Many attacks on Baghdad, Smith said, have been staged from Diyala.

Mosul, a city with a population of 1.8 million, is a mix of Sunnis, Shiites and Kurds.

Al-Qaida in Iraq, made up of homegrown Sunni extremists and some foreign fighters, may find blending into the population easier in Mosul, where there are fewer U.S. troops to root them out than in Baghdad, says Michael O’Hanlon, a military analyst at the Brookings Institution. Engagements such as the Dec. 25 raid may reflect the future of security crackdowns in Iraq, he says.

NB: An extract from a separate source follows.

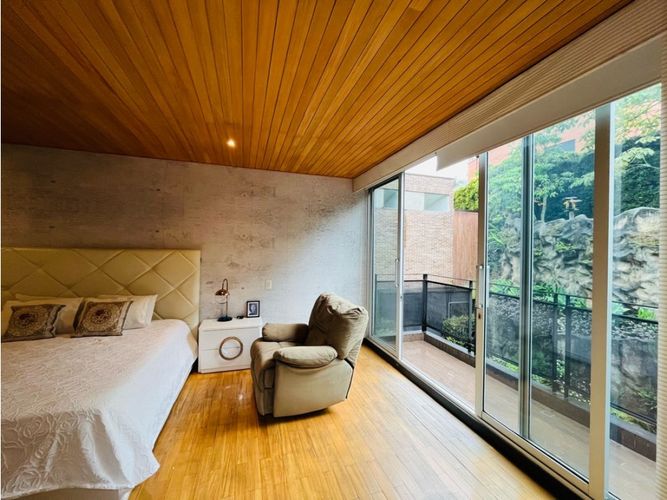 Casa de 5 alcobas en venta en Loma El Atravesado, Envigado, 345 m² · foto 20 de 24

“Al-Qaida is adaptive,” O’Hanlon says. “They recognized American forces are relatively lacking in Mosul. It is sobering because it reminds us of the difficulty of dealing with these people nationwide. It also underscores how much we’re still needed there. It tells you about the adaptability of the enemy and tenuousness of progress.”
A tip about assassins

The Rangers involved in the Dec. 25 raid spoke with USA TODAY by video conference from Mosul and Baghdad. Special operations units’ rules prohibit the use of last names of its elite troops.

A tip prompted the Christmas raid, said Blake, the Rangers’ company commander, a 32-year-old major from Manassas, Va. An Iraqi man had reported seeing al-Qaida terrorists execute a man in public. The witness told U.S. troops where the extremists had gathered.

A few hours later, at 2:04 a.m., Pete, 26, of Marlboro, N.J., and his fellow Rangers, with M-4 rifles and night-vision goggles, arrived at the suspected insurgents’ doorstep.

“You don’t go into anything thinking the best-case scenario,” Pete said. “Anytime you go through a door, you’re expecting someone there with a gun waiting on you. Or someone with a suicide vest, grenade or whatever their weapon of choice is at that particular time. You’re always thinking for the worst.”

Six minutes later, he had killed the two gunmen, Pete said, and Rangers had found 10 women and children huddled in the back of the house. The Iraqis conflicting accounts of how many men remained in the house made the soldiers suspicious. Lashaun, 27, a sergeant first class from Chester, Va., searched a bathroom and noticed a nylon strap protruding from the bottom of a shower basin.

“That’s when I called in Pete and told him to help hold security on the shower basin as I pulled the strap out of the floor,” Lashaun said. “That’s when the basin came up and revealed a hidden passageway to a hidden bunker.”

When he rolled back a concrete block that was sitting on rails, gunfire erupted. Pete estimated the entrance at 2-by-2 feet, barely large enough for a Ranger with 45 pounds of gear to pass through. Lashaun and Pete fired into the hole and backed out of the room.

Pete tossed in a grenade. After the grenade exploded, the Rangers moved back into the shower room, Lashaun said. Suddenly, he said, grenades started flying back at them.

Lashaun said he saw one grenade bounce, so he and another Ranger dove through a door before it exploded. Pete and the Ranger retreated to a different room.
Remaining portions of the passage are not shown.